Input data:
###

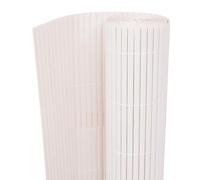 vidaXL Clôture de Jardin Double Face Panneau de Clôture Store de Véranda Pare-Soleil Brise-Vent Parterre de Fleurs Potager Extérieur 90x300 cm Blanc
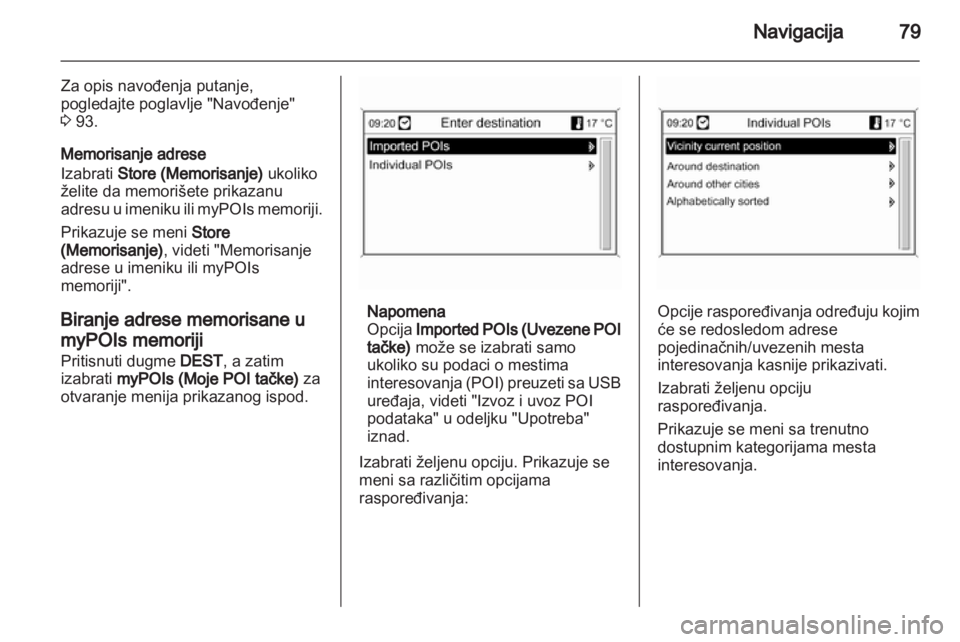OPEL MERIVA 2012.5 Uputstvo za rukovanje Infotainment sistemom (in Serbian) OPEL MERIVA 2012.5 Uputstvo za rukovanje Infotainment sistemom (in Serbian)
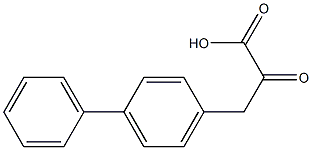 [1,1'-Biphenyl]-4-propanoic acid, .alpha.-oxo- Struktur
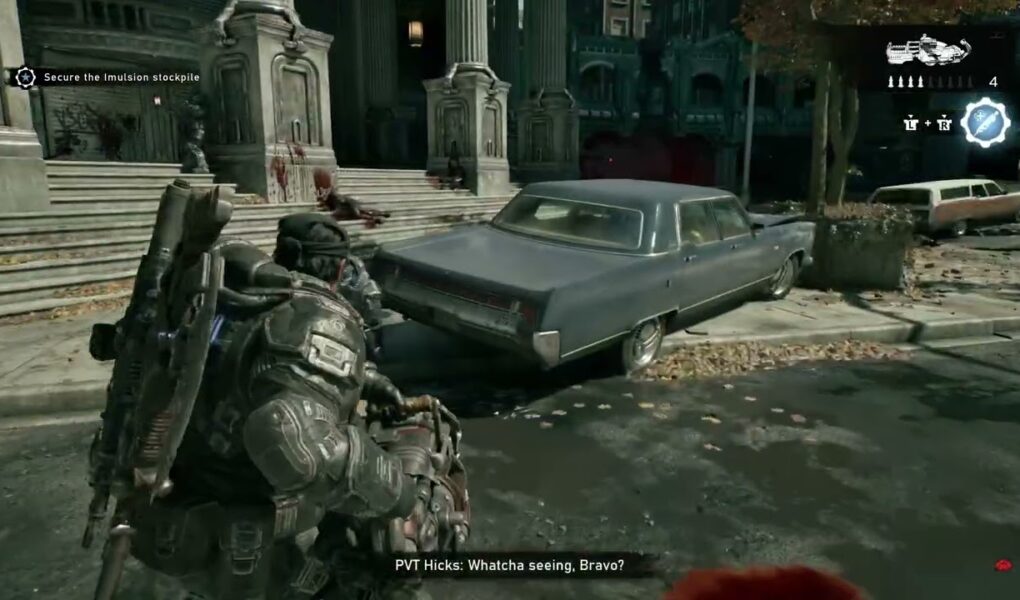 Gears of War: E Day – Act 2 Chapter 2: Grind Coffee COG Tag Location – Kalona Theater Banter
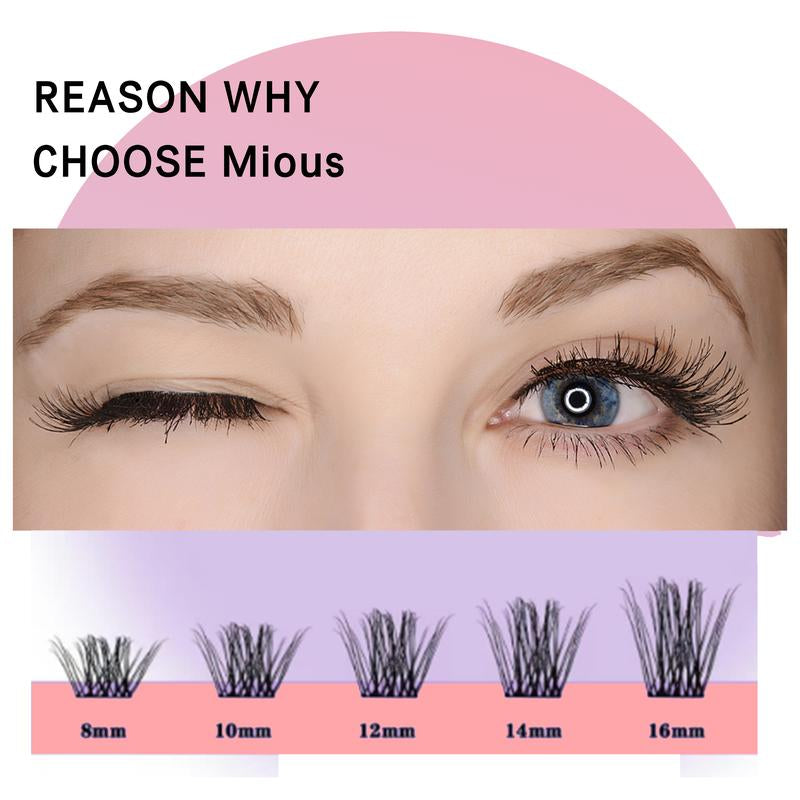 Mious Z-11 with DIY Eyelashes Extension Kit Bond and Seal Eyelash Glue and Lash Remover Beginner Friendly Individual Lashes Waterproof and Long Lasting Makeup for Girl Lash Clusters Kit Waterproof Lash Clusters Cosmetic Lashes Clusters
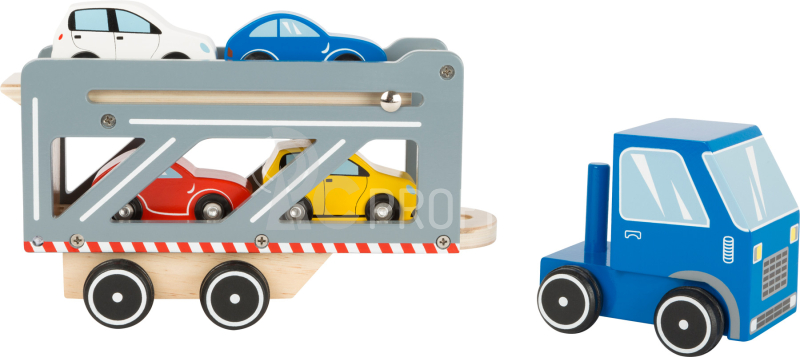 Small Foot Dřevěný transporter s 4 auty Premium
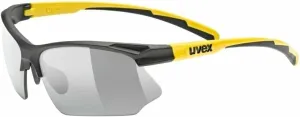 UVEX Sportstyle 802 V Black Matt/Sunbee/Variomatic Smoke Cycling Glasses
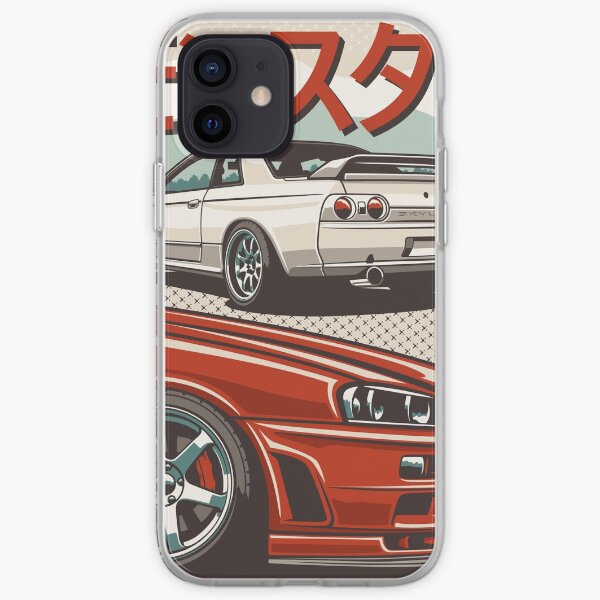 Monster Skyline GTR R32 & amp; R34 Coque souple iPhone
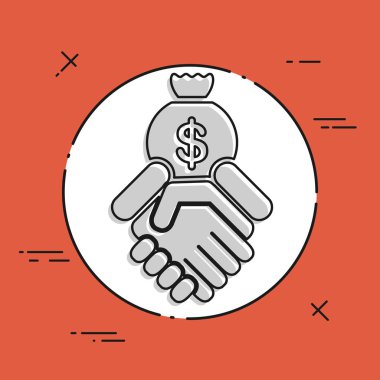 Finansal anlaşma simgesi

###

Work request: Transcribe exactly the portion of the material above that runs from the line containing "Mious Z-11 with" through its last line, omitting all pictures.

The completed task:
 Mious Z-11 with DIY Eyelashes Extension Kit Bond and Seal Eyelash Glue and Lash Remover Beginner Friendly Individual Lashes Waterproof and Long Lasting Makeup for Girl Lash Clusters Kit Waterproof Lash Clusters Cosmetic Lashes Clusters
 Small Foot Dřevěný transporter s 4 auty Premium
 UVEX Sportstyle 802 V Black Matt/Sunbee/Variomatic Smoke Cycling Glasses
 Monster Skyline GTR R32 & amp; R34 Coque souple iPhone
 Finansal anlaşma simgesi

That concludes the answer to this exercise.